First, PE firms make money by earning returns on their investors’ capital. Therefore, in order to earn meaningful returns, they need to have sufficient amounts of capital allocated to a particular investment thesis.
For example, let’s say that a PE firm has decided to follow through on its genetic screening investment thesis. Clearly, the firm will want to invest sufficient capital so that if their thesis proves correct, they will receive a meaningful return in the context of their portfolio. In other words, earning a 100% return on $1.0m is less attractive to the firm than earning, say, a 25% return on $100m.
So, when considering a platform investment, a PE firm must always ensure that their first investment gets sufficient capital into the market to ensure they have a chance of earning a meaningful future return. They cannot risk getting “stuck” with a small investment and never being able to get sufficient capital behind the thesis.
Second, a platform investment provides the framework that will allow for future growth – whether that growth is through acquisition or is organic. A platform investment will typically have the management systems, the leadership personnel, the brand and so on under which future acquisitions or organic growth will take place.

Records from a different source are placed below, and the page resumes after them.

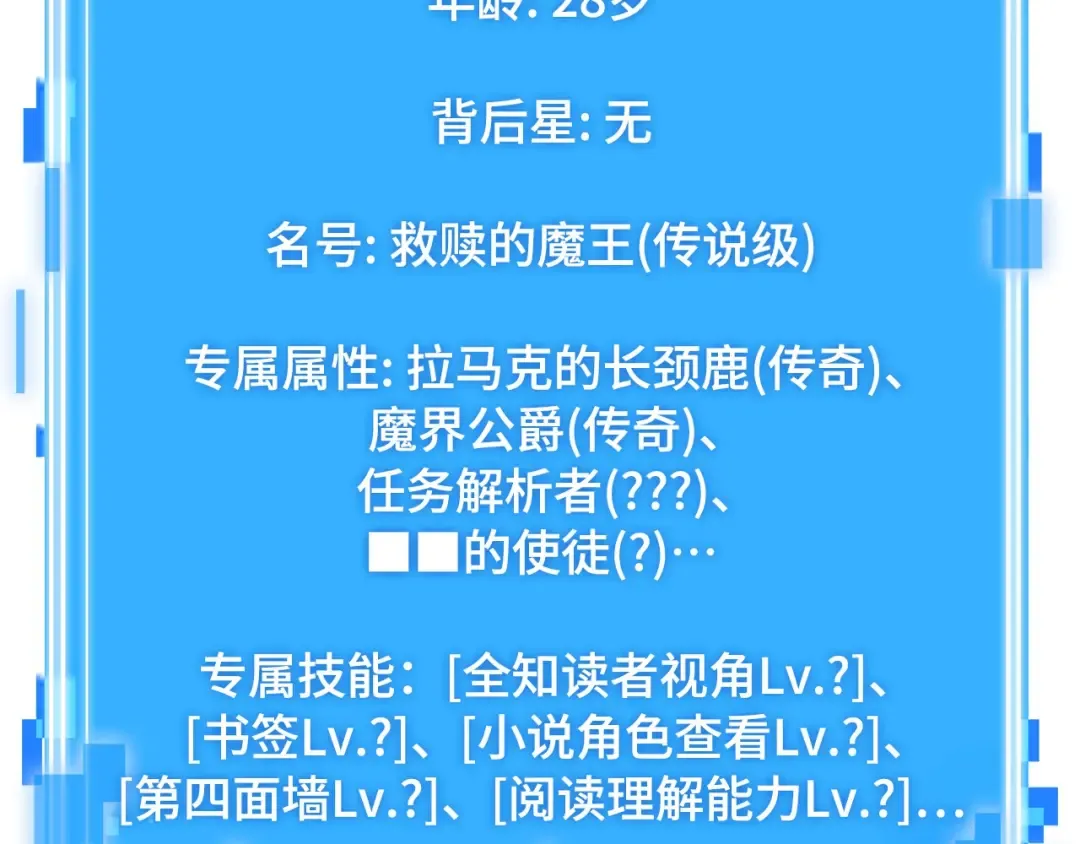 第492页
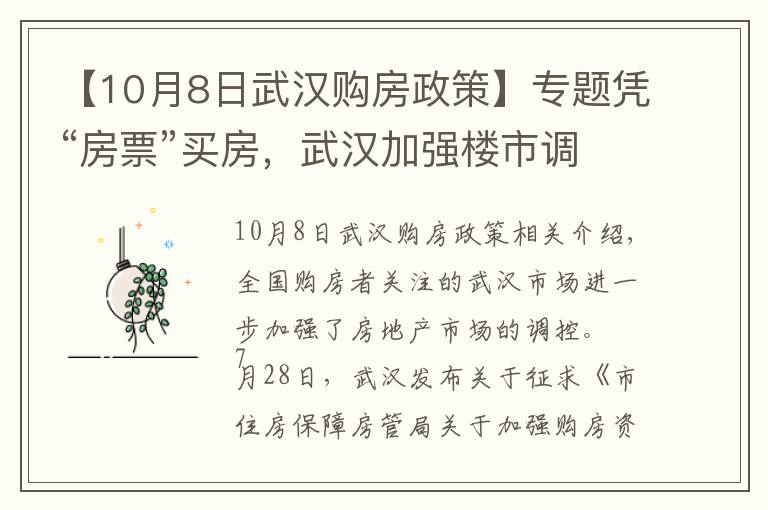 【10月8日武汉购房政策】专题凭“房票”买房，武汉加强楼市调控精细化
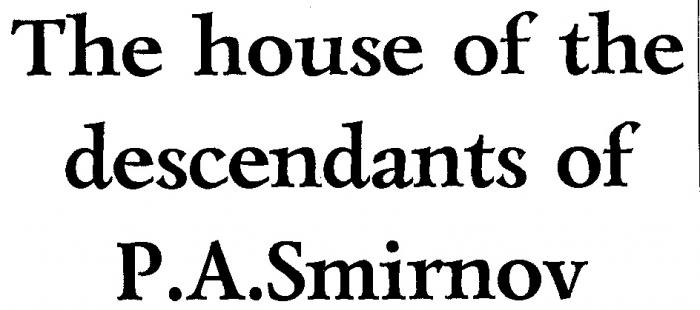 THE HOUSE OF THE DESCENDANTS OF P.A.SMIRNOV SMIRNOV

Typically, a business needs to be of a certain scale before it is sufficiently robust and has the systems and other attributes needed to serve as a platform investment. Smaller businesses will invariably tend to buckle or flounder when used in that way.

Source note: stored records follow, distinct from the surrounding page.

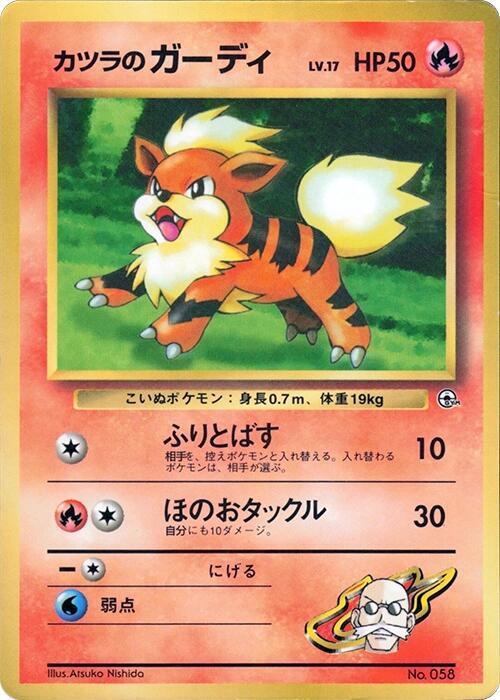 Blaines Growlithe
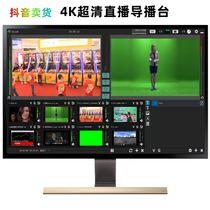 8-channel directing system 4k ultra-clear switching software 6-channel H265 Douyin school sales live streaming NDI RTMP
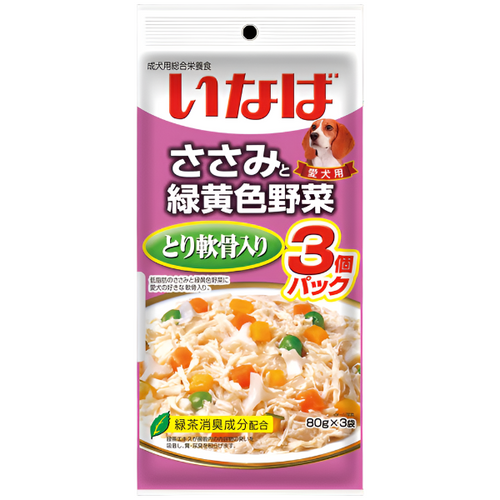Ciao - Chicken Fillet Topping Chicken Cartilage and Vegetables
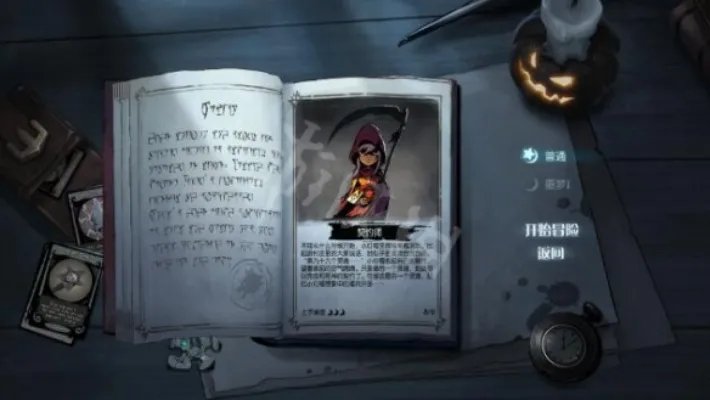 《月圆之夜》dlc灵魂的契约新职业介绍 新dlc职业有哪些？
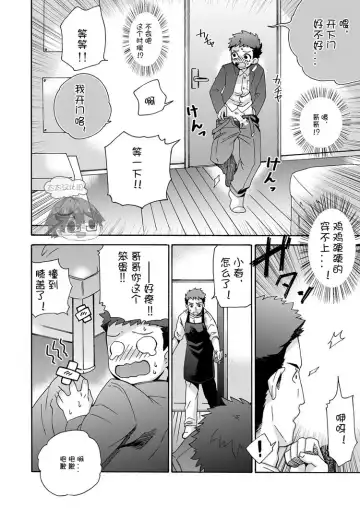 [Shimajirou] "Ichidaiji." | 一件大事 Fhentai.net - Page 9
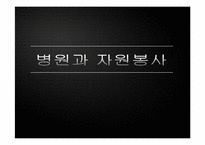 [자원봉사론] 병원과 자원봉사-1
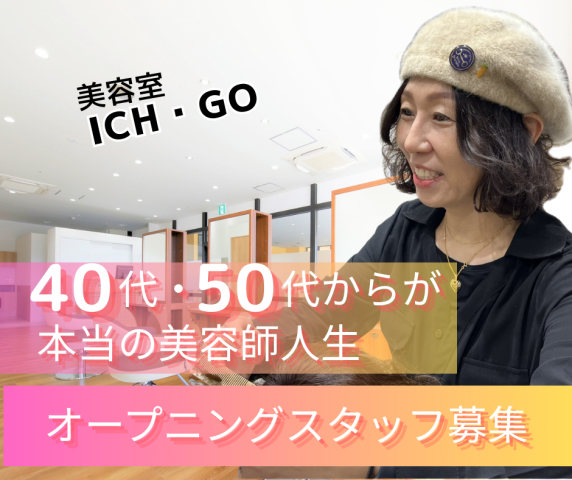 2026年4月オープニングスタッフ　40代・50代 美容師 アシスタントパート募集2026年4月 オープニングスタッフ　美容師　アシスタント パート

For a business owner looking to exit via PE, it is important to genuinely assess whether the business has the attributes of being a platform investment: is it of sufficient size and sophistication to represent a new, stand-alone platform investment for a PE firm?

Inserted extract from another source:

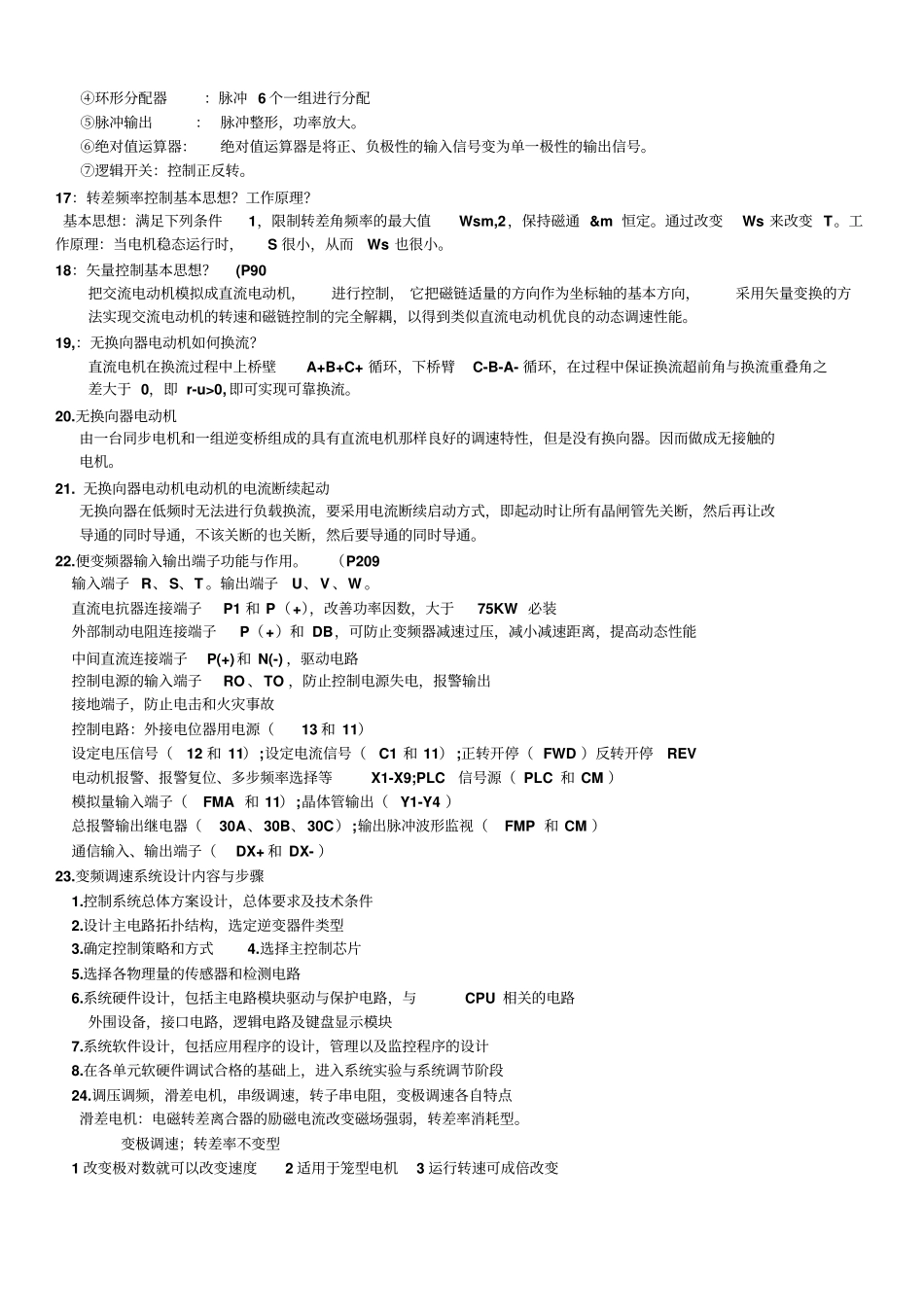 交流调速复习题及答案_第3页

Many businesses do not meet that threshold of representing a potential platform investment. That does not necessarily mean that they may still not be an attractive target for PE. However, rather than a platform investment, they may be a bolt-on opportunity.
As the name suggests, a bolt-on is a business that can be acquired and added or “bolted on” to an existing platform investment. Clearly, for a business to be relevant to an existing platform, it needs to be in the same broad industry or be otherwise relevant to the existing platform. In many ways, these are the same broad criteria that will attract a trade buyer.
First, the potential bolt-on could simply add market share to the platform. When a PE firm invests in a new thesis, it has from the very start a clear focus on its eventual exit. Central to that is a target of how large the platform needs to become before it can be either listed or on-sold to another industry player. Therefore, a potential bolt-on will be attractive if it adds revenue, and particularly EBITDA, to the existing platform.
Second, a potential bolt-on may offer the platform attributes that it does not already have. This may be a new geography or product or customer or skillset. The key point is that the bolt-on is bringing something new to the platform, which with its superior financial resources and other strengths, will look to leverage even more effectively into the future.
It is worth making a couple of points in relation to bolt-on acquisitions.
When looking to “pitch” a potential bolt-on to a platform investment, it is important to consider and emphasise where the potential synergies may be. Many smaller businesses often have “prize” clients or specialist skillsets that are particularly relevant to larger businesses. Knowing what they are and being able to demonstrate the relevant value is very useful when pitching a bolt-on acquisition.
Another aspect to consider is that PE firms typically have fairly prescriptive valuation metrics that they are prepared to ascribe to a bolt-on acquisition. While a PE firm may be prepared a higher multiple in particular circumstances, most bolt-on acquisitions will tend to be completed within a relatively narrow band of multiples.